Cray took a few more moments to put his impressions together. “Your telemetry logs,” he said, adding a thoughtful spin to his approach. “Before that night, all the indicators pointed toward a stable bionucleic matrix. No spikes, no aberrations, no activity outside of the assigned protocols. Then something set you off.”

She wasn’t about to let the answer go that easily.

“That’s the question of the hour, isn’t it?”

Cray decided to feed her ego. “The Assembly believes you were penetrated,” he told her. “Probably some
Inru
hammerjack using a new icebreaker.”

“What do
you
think?”

“I think you can sell horse shit if the price is right.”

Lyssa smiled. She was beautiful, luminous.

“The Assembly knows nothing,” she said.

“Tell me something new.”

“I can’t tell you. I have to
show
you.”

“Show me what?”

“The path of enlightenment,” she explained, laying herself bare. Where she wanted to go, she needed Cray to follow. “It’s the reason I called for you, really. There’s nothing more terrible than knowing a secret you can never share.”

The interface chair tugged at Cray from behind, while he envisioned himself falling into it. This was the bargain he struck with Lyssa. This was the payment she expected in return.

“Interface with me,” she pleaded. “Interface with me, so we both may experience.”

His heart was racing.
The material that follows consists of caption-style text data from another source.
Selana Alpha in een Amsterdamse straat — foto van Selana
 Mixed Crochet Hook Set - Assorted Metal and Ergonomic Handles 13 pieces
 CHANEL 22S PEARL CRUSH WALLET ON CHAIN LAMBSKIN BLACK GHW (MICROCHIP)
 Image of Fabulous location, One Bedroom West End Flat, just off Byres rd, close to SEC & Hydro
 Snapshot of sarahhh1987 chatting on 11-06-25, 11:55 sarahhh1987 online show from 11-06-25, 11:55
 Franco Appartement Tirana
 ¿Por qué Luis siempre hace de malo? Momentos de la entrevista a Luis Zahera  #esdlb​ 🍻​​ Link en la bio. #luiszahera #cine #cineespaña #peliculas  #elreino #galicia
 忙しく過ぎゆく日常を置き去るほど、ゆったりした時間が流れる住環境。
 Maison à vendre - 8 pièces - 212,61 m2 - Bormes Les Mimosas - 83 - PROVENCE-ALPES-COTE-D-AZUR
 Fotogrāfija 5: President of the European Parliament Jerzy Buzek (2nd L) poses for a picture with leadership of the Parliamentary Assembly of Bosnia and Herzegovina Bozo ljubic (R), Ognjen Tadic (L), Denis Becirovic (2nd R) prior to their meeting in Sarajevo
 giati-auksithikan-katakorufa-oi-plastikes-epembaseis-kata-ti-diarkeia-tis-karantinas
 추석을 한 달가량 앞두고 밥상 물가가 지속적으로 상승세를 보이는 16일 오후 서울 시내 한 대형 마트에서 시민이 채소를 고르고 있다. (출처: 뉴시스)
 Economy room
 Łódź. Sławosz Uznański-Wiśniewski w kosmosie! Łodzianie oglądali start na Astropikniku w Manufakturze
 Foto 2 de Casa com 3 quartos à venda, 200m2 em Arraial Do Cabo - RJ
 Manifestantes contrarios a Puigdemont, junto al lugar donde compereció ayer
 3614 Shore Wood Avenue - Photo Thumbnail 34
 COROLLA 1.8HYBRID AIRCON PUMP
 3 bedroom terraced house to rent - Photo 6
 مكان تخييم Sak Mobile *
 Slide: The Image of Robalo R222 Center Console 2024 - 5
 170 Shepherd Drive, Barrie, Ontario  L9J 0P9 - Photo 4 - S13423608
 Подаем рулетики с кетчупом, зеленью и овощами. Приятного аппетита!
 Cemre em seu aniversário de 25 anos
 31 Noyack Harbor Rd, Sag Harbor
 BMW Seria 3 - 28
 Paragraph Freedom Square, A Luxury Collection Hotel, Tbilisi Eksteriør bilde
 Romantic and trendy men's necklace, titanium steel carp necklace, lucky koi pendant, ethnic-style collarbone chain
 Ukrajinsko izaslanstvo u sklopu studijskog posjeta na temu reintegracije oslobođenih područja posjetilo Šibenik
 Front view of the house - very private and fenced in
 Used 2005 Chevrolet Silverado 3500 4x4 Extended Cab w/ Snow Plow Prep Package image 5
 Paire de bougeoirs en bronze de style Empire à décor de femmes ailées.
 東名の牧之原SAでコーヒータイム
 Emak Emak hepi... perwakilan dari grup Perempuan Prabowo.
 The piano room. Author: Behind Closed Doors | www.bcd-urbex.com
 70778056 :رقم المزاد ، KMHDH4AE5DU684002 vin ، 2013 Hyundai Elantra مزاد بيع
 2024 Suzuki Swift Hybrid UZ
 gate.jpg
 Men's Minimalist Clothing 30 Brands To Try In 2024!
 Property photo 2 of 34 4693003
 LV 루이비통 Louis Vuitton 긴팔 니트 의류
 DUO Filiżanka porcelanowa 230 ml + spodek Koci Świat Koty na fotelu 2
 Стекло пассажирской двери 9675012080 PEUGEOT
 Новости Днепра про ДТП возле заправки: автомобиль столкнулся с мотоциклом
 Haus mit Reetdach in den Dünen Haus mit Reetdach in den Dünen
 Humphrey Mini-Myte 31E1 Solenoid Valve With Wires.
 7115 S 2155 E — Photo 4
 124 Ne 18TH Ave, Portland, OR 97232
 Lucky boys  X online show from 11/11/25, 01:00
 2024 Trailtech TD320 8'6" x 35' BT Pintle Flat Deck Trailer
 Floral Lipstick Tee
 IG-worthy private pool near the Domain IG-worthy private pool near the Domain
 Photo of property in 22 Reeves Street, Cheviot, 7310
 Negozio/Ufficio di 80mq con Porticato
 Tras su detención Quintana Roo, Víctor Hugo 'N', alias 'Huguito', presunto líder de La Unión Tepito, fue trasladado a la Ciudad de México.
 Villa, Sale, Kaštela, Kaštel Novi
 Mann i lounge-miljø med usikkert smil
Her attack on his senses quickened.

Cray swallowed, daring to ask the question.

“Experience what?”

Lyssa waved a hand toward her window, toward eternal darkness and light.

“The Other.”

The words had a trajectory like bullets, invisible as they grazed Cray’s mind but possessing a real, deadly mass. It was only a warning shot. Had Lyssa wanted to strike him, Cray would already be splattered against the air lock door—so clear was his understanding of her intentions.

He stepped away. It was his last voluntary act.

“Who . . .” he stammered, his thoughts evaporating with his will. “Who is the Other?”

“Do you not already know?” Lyssa asked. “Search yourself, all that time you spent in the Axis, and tell me if you never sensed there was something more.”

Cray closed his eyes and tried to fight the memories—the detachment, the isolation, the
liberation
of cutting his soul free in logical space, wondering how much of himself he left behind each time he entered that void.

“If you want,” she tempted, “I can show you everything.”